Clearly, resurfacing and strengthening part of the floor to install heavy manufacturing equipment is not a repair, but rather an improvement (capital improvement) as it will become functionally better and be able to hold more weight. Therefore, a deduction is denied under s25-10(3).
In the case of FCT v Western Suburbs Cinemas Ltd (1952) the taxpayer, a theatre, replaced the ceiling that was in a state of disrepair with different and better material due to the unavailability of original materials. It was held that the outgoings amounted to a capital improvement and were not deductible. This is very similar to the above where resurfacing and strengthening part of the floor would result in a capital improvement and not deductible under s25-10.
XYZ would be able to claim a capital works deduction in accordance with Div 43 or form part of the cost base of the CGT asset.
(2) Suppose XYZ claimed the cost of $400,000 as a deduction for the tax year 2020/21 and, upon a subsequent audit, the Commissioner disallowed the deduction and issued an amended assessment.
Required:
What penalties may be imposed on XYZ? Discuss the relevant legislation and case law to support your answer
XYZ will be liable to pay the shortfall of tax, as the $400,000 deduction would have decreased taxable income and overall tax payable.

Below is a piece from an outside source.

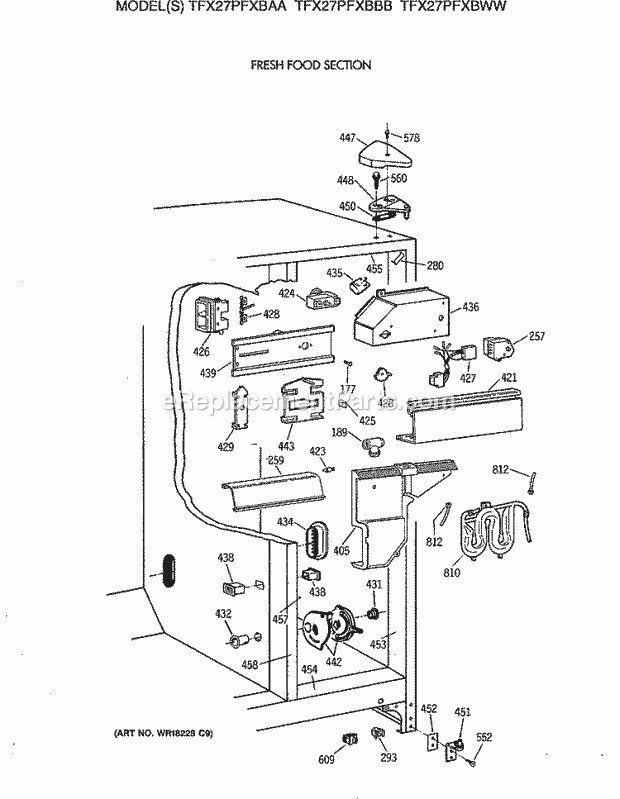 GE TFX27PFXBWW Refrigerator Fresh Food Section Diagram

Penalties for tax shortfalls include:
- Failure to take reasonable care – 25% of tax shortfall
- Recklessness – 50% of tax shortfall
- Intentional disregard of the law - 75% tax shortfall
Assuming XYZ failed to take reasonable care and did not recklessly or intentionally disregard the law the company will be liable for an additional 25% of the tax shortfall.